Penn Museum researcher helps empower Turkish women
The Turkish archaeological site of Gordion is best known for the “Midas Tomb”—a dome of earth built to house the remains of an ancient notable who, until recently, was believed to be Phyrgian King Midas, famed for his wealth. (More recent dating suggests the tomb, constructed around 750 B.C.E., was actually dedicated to a predecessor of Midas.)
Since 1950, researchers from the Penn Museum have worked at Gordion to learn about the habits and culture of its ancient people. But amidst the ancient settlement, a modern village thrives.
It is called Yassıhöyük and it, as well as 12 others, has caught the scholarly attention of Ayşe Gürsan-Salzmann, a research scholar at the Penn Museum. Gürsan-Salzmann has spent a portion of every year but two since 1995 conducting what she terms “ethno-archaeological” research in Turkey, using an anthropologist’s eye to study residents’ agricultural and pastoral practices.

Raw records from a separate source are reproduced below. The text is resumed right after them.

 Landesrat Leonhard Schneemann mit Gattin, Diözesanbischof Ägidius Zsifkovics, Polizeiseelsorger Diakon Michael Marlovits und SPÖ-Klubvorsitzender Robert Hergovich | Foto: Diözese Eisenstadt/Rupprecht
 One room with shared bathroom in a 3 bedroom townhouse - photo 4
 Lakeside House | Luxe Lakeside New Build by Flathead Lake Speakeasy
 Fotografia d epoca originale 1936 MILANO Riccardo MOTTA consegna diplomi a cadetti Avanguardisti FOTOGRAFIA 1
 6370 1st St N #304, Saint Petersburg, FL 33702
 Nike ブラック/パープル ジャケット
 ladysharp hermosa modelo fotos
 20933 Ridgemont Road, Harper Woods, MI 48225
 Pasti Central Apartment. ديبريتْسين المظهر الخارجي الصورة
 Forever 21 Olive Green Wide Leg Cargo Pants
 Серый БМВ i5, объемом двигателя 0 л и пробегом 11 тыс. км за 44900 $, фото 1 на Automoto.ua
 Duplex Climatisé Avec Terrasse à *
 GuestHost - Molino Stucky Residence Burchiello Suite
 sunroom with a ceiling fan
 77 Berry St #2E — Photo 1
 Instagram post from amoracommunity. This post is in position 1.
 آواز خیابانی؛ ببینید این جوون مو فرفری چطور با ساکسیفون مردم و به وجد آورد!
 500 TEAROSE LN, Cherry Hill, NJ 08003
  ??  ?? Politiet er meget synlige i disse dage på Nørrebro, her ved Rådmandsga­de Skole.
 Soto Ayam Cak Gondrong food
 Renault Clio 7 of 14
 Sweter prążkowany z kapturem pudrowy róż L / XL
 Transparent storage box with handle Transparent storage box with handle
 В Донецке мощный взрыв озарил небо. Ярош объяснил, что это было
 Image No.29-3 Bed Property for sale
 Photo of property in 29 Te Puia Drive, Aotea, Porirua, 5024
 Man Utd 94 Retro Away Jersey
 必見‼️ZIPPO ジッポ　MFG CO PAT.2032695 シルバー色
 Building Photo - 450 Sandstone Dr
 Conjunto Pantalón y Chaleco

“I’ve always been interested in how people make a living by working on their land,” she says.
Women play a valued role in these communities. While men attend to much of the agricultural work and animal husbandry, women are responsible for raising and processing garden crops and milk byproducts—important sources of family income. As a result, women hold elevated positions in families and in village life, Gürsan-Salzmann says.
In the past few years, Gürsan-Salzmann has taken steps to help women in Yassıhöyük further elevate their status. Providing logistical and financial support, she has helped establish a women’s cooperative market that offers goods to village locals and tourists. Officially launched in 2011, the cooperative sells handmade crafts, including knitted clothing and lacework, amulets made from seeds, and beaded jewelry. The women also produce foodstuffs to sell, based on the foods they preserve for the winter. These include cheese, fruit jams, and a traditional Turkish soup called tarhana.
“The powdered soup they make is wonderful,” Gürsan-Salzmann says. “It’s the most organic thing you’ve ever eaten. It consists of yogurt, wheat, sundried tomatoes, sundried pepper, and then added to this is dry mint. Every ingredient is produced in the village.”
The women now contribute a portion of their sales back into the cooperative to fund the production of the next season’s goods. Not only does the market provide the women with a small amount of additional income, it is also affecting a deeper change in those who participate, Gürsan-Salzmann notes, due to the influx of tourists from all over the world.
“The women are beginning to be very aware of their interactions with people outside of the region, even if they don’t speak the same language,” she says. “They’re gaining an understanding of themselves, the world outside the village, and the historical landscape of which they and their families are a part.”